2 points| FreeGuessr | 5 days ago |tunejourney.com

Hi HN, I built TuneJourney.com, a web app that lets you explore ~70k radio stations worldwide via a 3D globe. While sites like Radio Garden are great for discovery, I wanted to build something that functioned more like a modern media player with automation—specifically, the ability to automatically skip a station when it switches from music to talking or ads.

The Unique Part: In-Browser ML The core feature is an "AI Skip Talk." Instead of processing audio on a server, it uses the Web Audio API to capture the stream locally and runs a lightweight classification model directly in your browser. It estimates the "music vs. speech" probability in near real-time.

If you have the filter enabled, it will automatically trigger a "next" command to hop to another station in your playlist or a random location on the globe the moment a DJ, news segment, or ad starts.

Privacy: No audio data ever leaves your machine; inference is entirely local.

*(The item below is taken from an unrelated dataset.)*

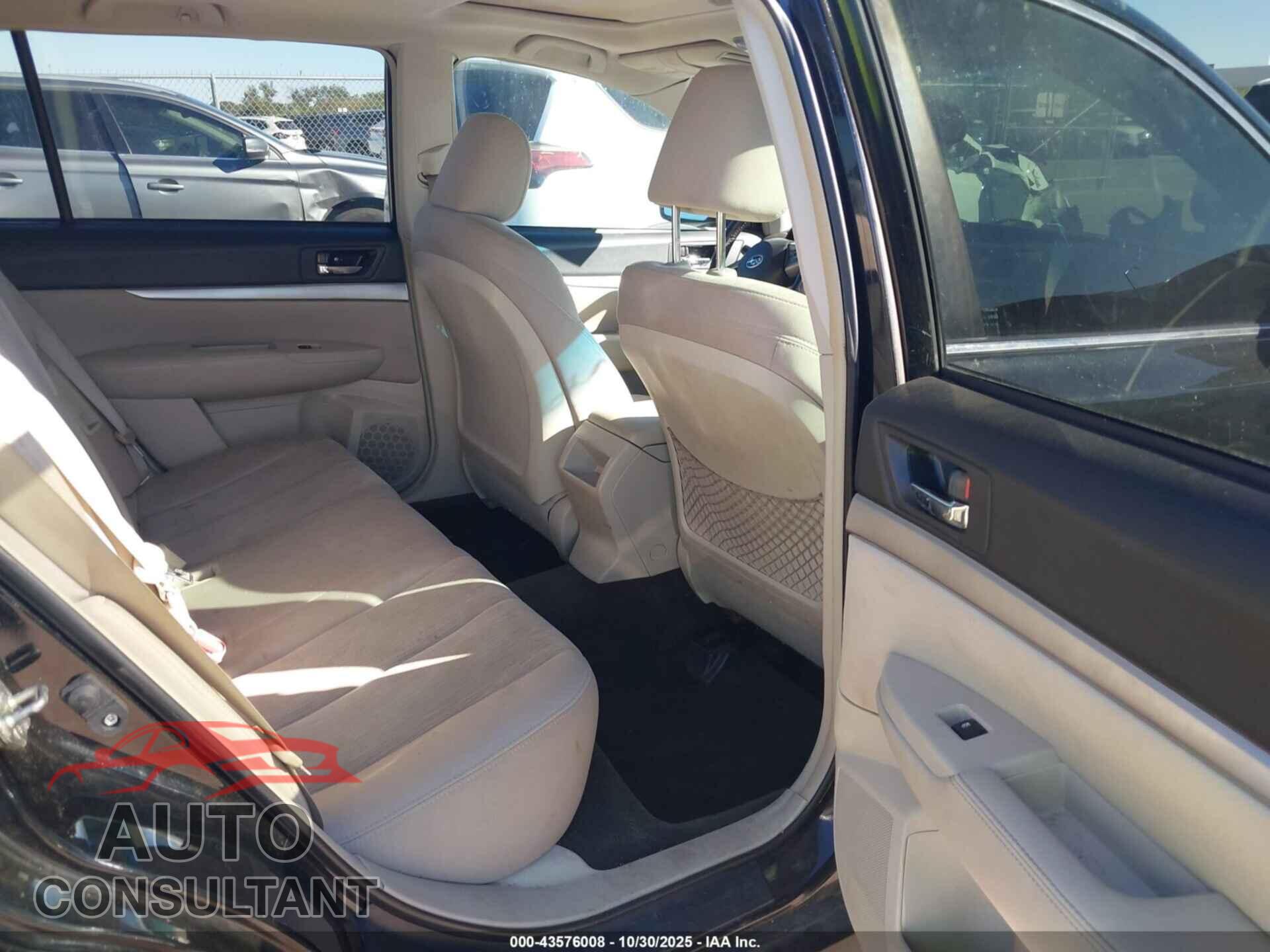 SUBARU OUTBACK 2014 - 4S4BRCDC7E3234979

The Tech Stack/Features: - WebGL + Point Clustering: To render 70,000 stations across 11,000 locations smoothly. - In-browser Inference: Uses a small model plus stream-level heuristics to handle edge cases. - Media Key Integration: Full support for physical keyboard and system-level Next/Prev buttons. - Persistence: Sign-in is available to sync playlists and favorites across devices, but the core explorer works without an account. - Online activity: You can see in real time other people on the site, where they are on the globe, what they listened to, and what stations they liked. - Simple games to kill the time as you are listening to stations, like Solitaire, Minesweeper, etc.

The Trade-offs & Challenges: Running a WebGL globe and real-time audio analysis simultaneously is heavy on the CPU. To handle this, I’ve implemented: - Automatic performance detection that downgrades visuals on lower-end machines. - A manual toggle to kill the audio processing if you just want to use the globe as a standard player. - A talk sensitivity slider for the ML model, so you can tweak it yourself.

What I’d love feedback on: - Performance: How does your CPU/fan react? Is it manageable? I’m looking for ways to further optimize the client-side ML or perhaps it is okay to bring even heavier models with more accuracy. - Classification Accuracy: How useful is it? Does it detect talking in most of the cases, or is it sometimes useless? On MacBook it works ok-ish. Ads with music are difficult but when music changes to pure talk, the site does its work and hops to another one.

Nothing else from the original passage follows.